(RECORDED INFORMATION):
***
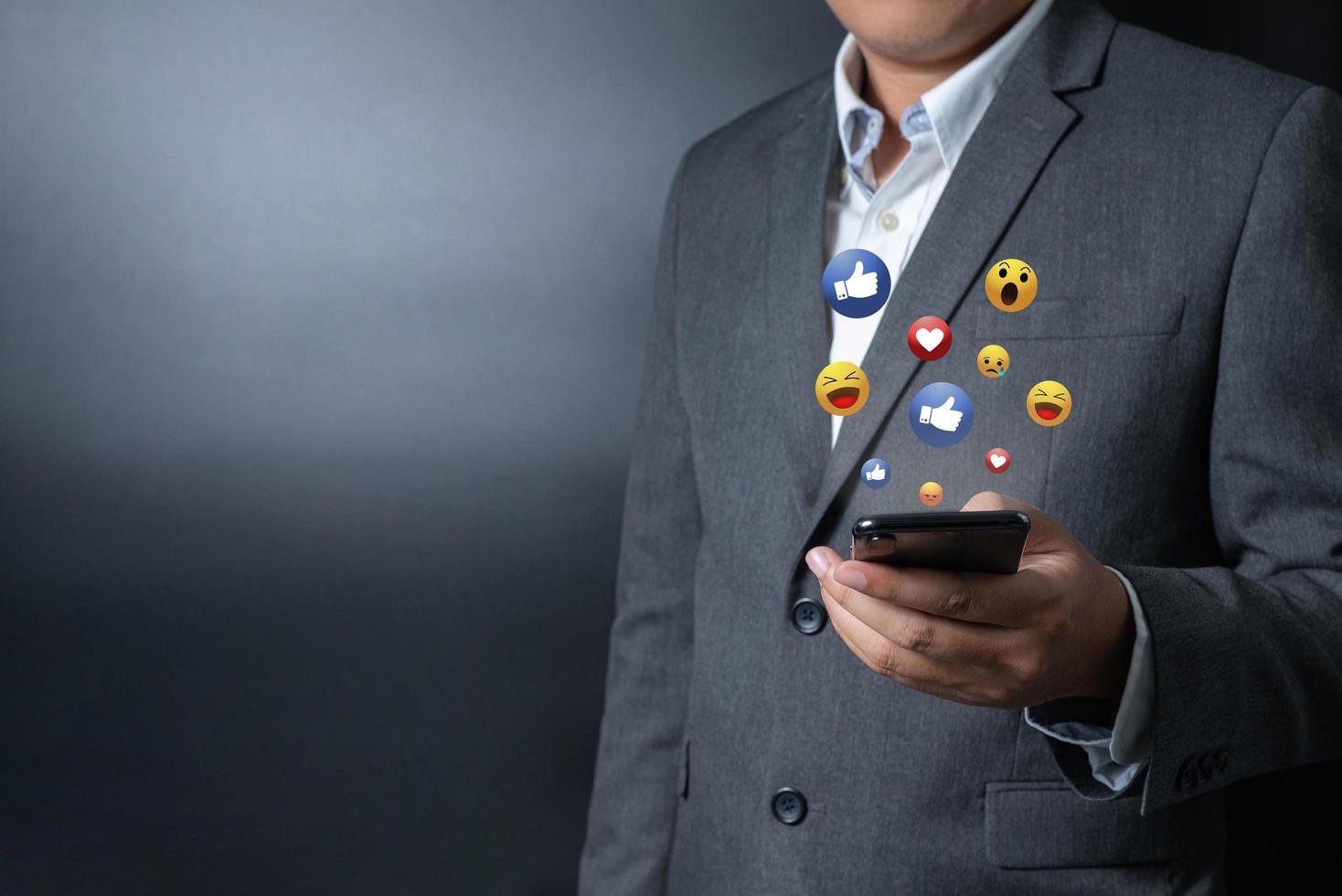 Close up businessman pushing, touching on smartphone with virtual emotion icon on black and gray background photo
***
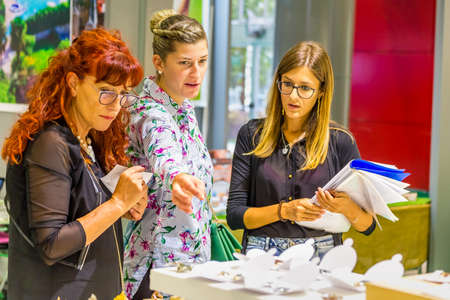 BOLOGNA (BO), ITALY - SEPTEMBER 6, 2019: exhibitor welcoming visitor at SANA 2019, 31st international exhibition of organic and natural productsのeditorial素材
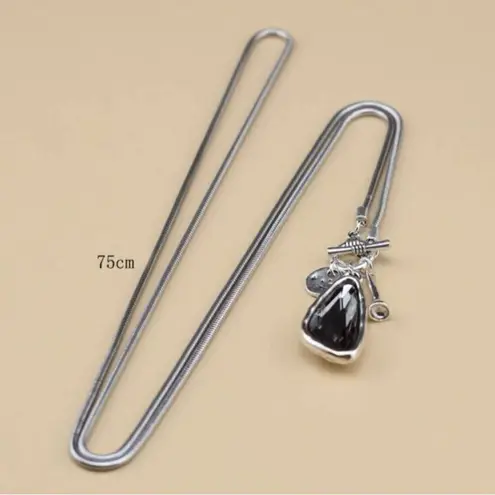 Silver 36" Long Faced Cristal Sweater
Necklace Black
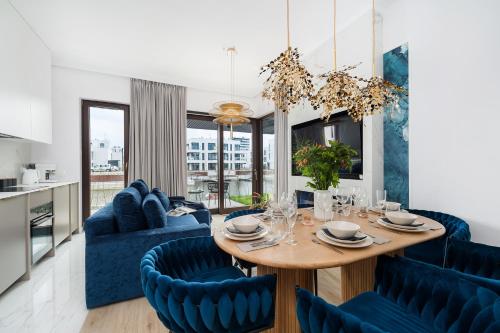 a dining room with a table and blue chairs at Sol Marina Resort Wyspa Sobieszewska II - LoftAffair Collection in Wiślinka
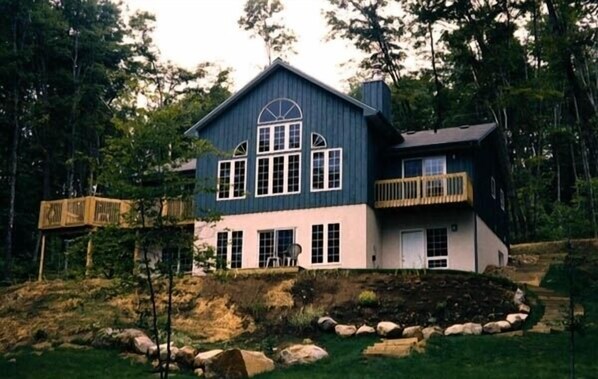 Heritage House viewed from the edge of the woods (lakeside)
***
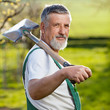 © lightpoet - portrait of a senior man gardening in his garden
***
Pictures in the material above should be skipped; print exactly the lines from the one with "a dining room" through the one with "Heritage House viewed".

(EXERCISE RESULT):
 a dining room with a table and blue chairs at Sol Marina Resort Wyspa Sobieszewska II - LoftAffair Collection in Wiślinka
 Heritage House viewed from the edge of the woods (lakeside)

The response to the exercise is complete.